→ **Goal of the exercise**: Go to the line with "Sticker de Perete" in the material below and copy from there through the line with "kate spade new", exactly. Pictures are not copied.

→ **Source records**:
|---|

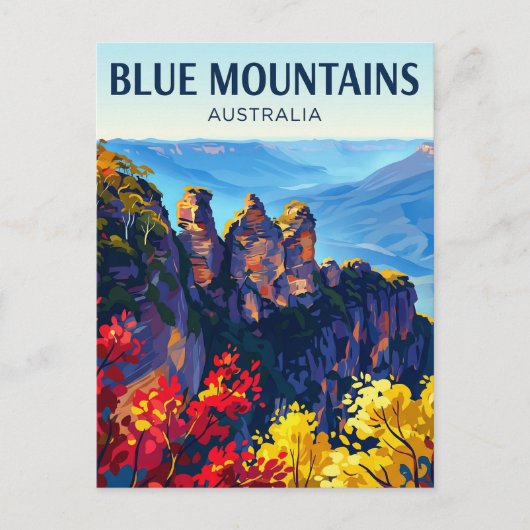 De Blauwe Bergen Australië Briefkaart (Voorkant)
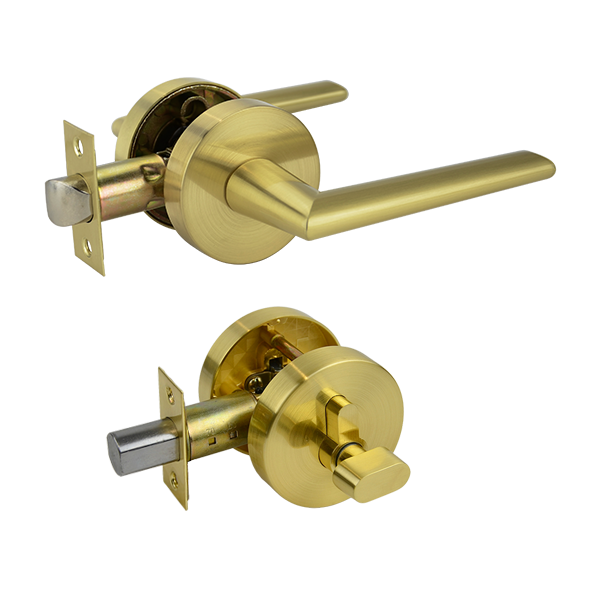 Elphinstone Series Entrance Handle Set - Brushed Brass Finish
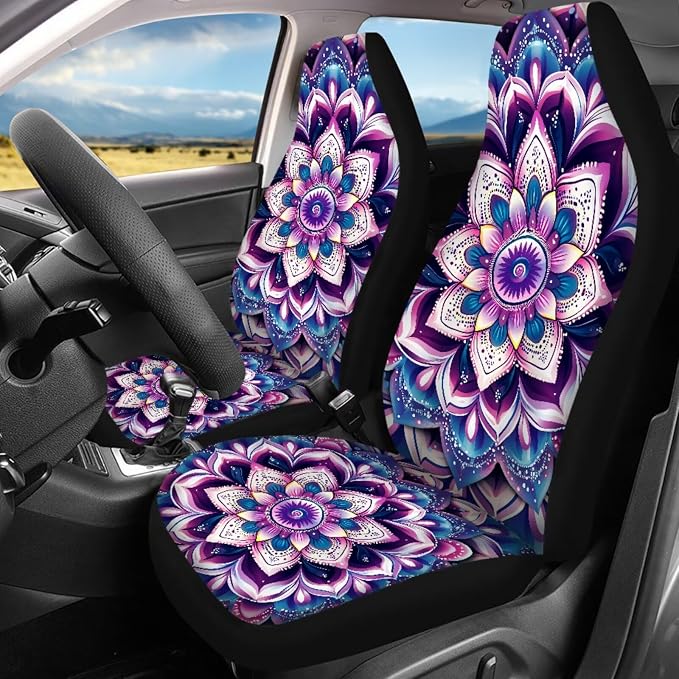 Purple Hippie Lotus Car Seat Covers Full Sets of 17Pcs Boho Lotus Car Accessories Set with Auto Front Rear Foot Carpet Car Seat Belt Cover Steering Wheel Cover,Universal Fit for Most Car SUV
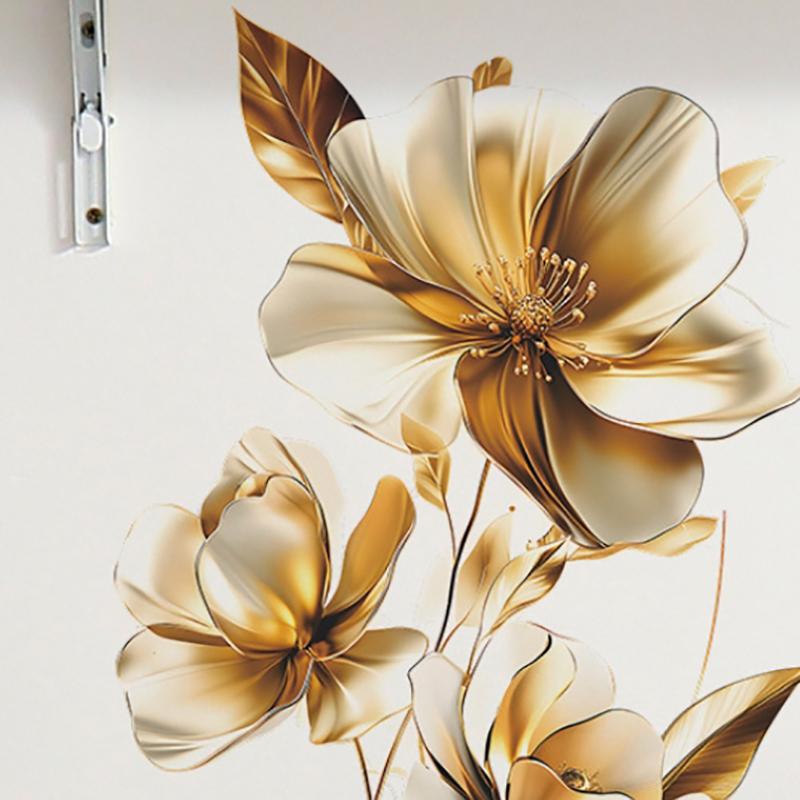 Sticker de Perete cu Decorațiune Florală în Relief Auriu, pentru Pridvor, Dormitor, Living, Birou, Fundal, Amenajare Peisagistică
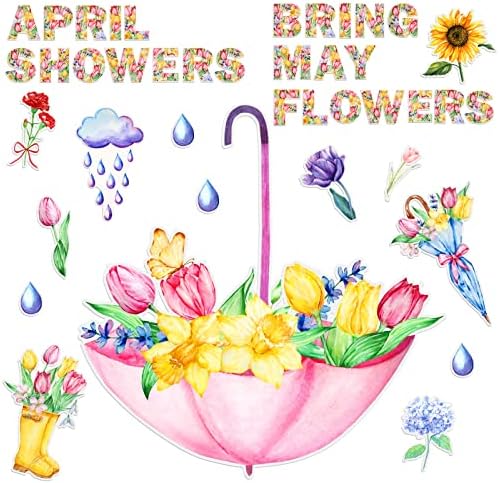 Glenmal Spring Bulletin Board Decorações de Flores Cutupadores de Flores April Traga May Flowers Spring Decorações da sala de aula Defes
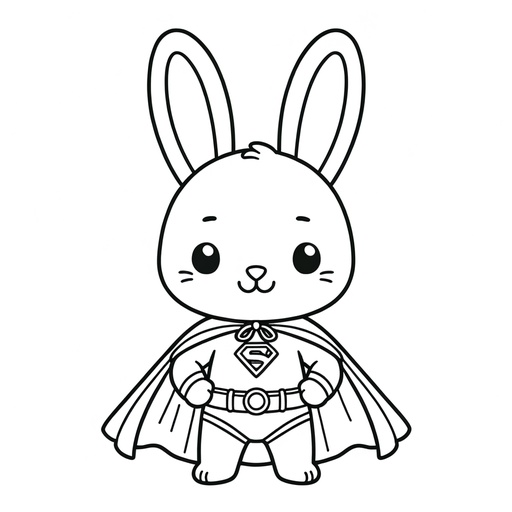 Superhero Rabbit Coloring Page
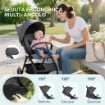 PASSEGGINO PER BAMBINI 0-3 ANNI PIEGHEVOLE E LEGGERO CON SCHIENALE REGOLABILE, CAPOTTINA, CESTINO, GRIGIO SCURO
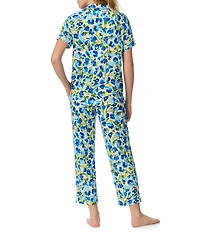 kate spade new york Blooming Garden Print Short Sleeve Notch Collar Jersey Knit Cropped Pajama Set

|---|

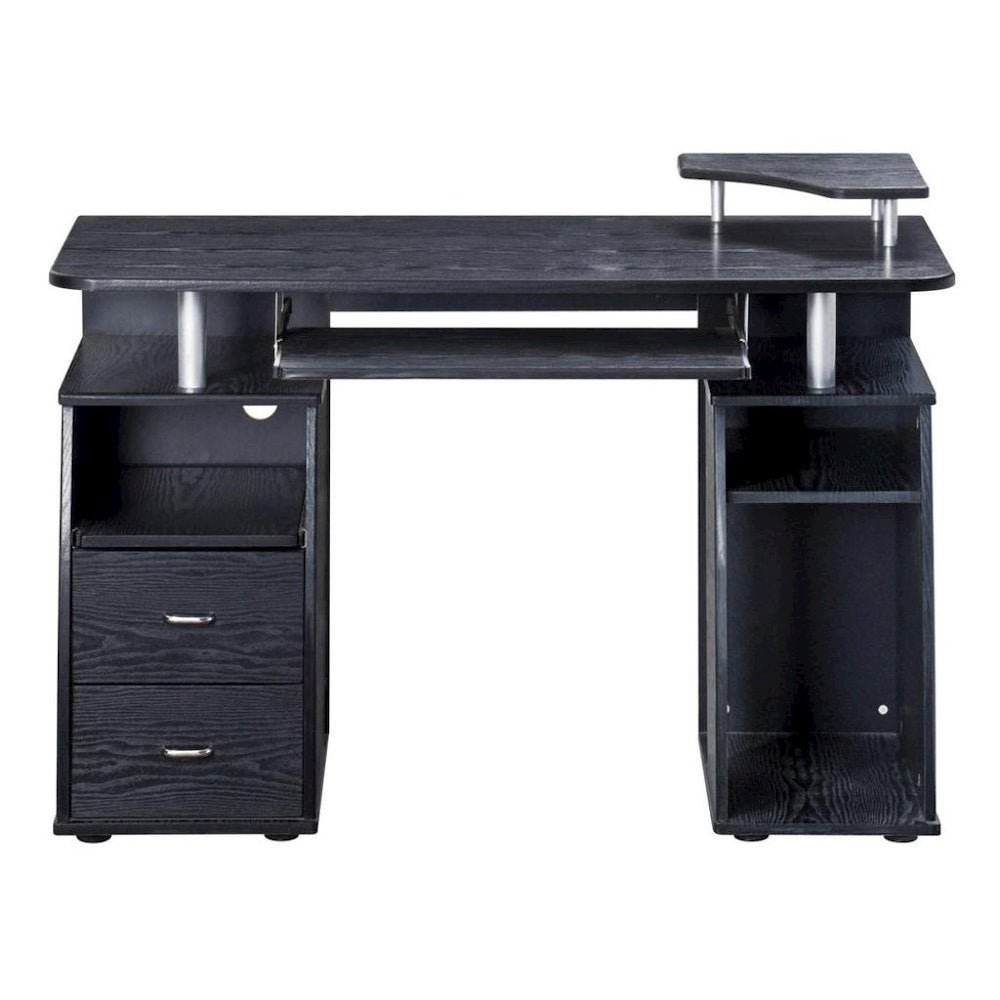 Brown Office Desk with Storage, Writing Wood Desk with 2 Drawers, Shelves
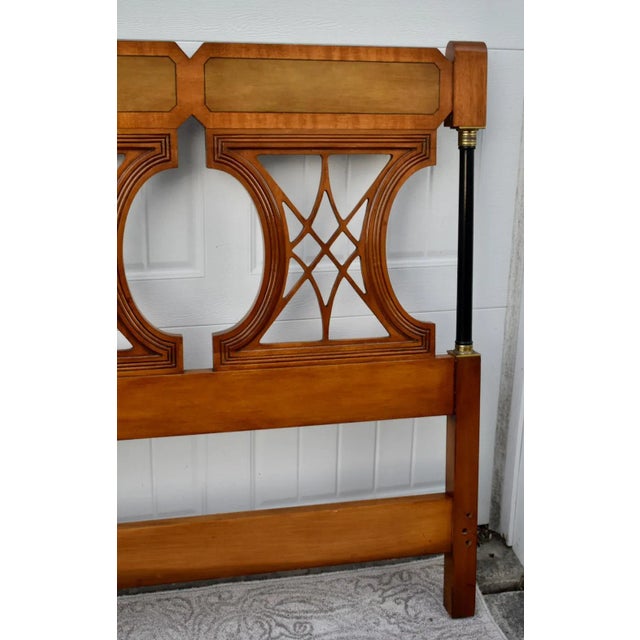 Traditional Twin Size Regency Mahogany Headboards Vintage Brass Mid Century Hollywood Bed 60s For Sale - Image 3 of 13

|---|

→ **Output of the task**:
 Sticker de Perete cu Decorațiune Florală în Relief Auriu, pentru Pridvor, Dormitor, Living, Birou, Fundal, Amenajare Peisagistică
 Glenmal Spring Bulletin Board Decorações de Flores Cutupadores de Flores April Traga May Flowers Spring Decorações da sala de aula Defes
 Superhero Rabbit Coloring Page
 PASSEGGINO PER BAMBINI 0-3 ANNI PIEGHEVOLE E LEGGERO CON SCHIENALE REGOLABILE, CAPOTTINA, CESTINO, GRIGIO SCURO
 kate spade new york Blooming Garden Print Short Sleeve Notch Collar Jersey Knit Cropped Pajama Set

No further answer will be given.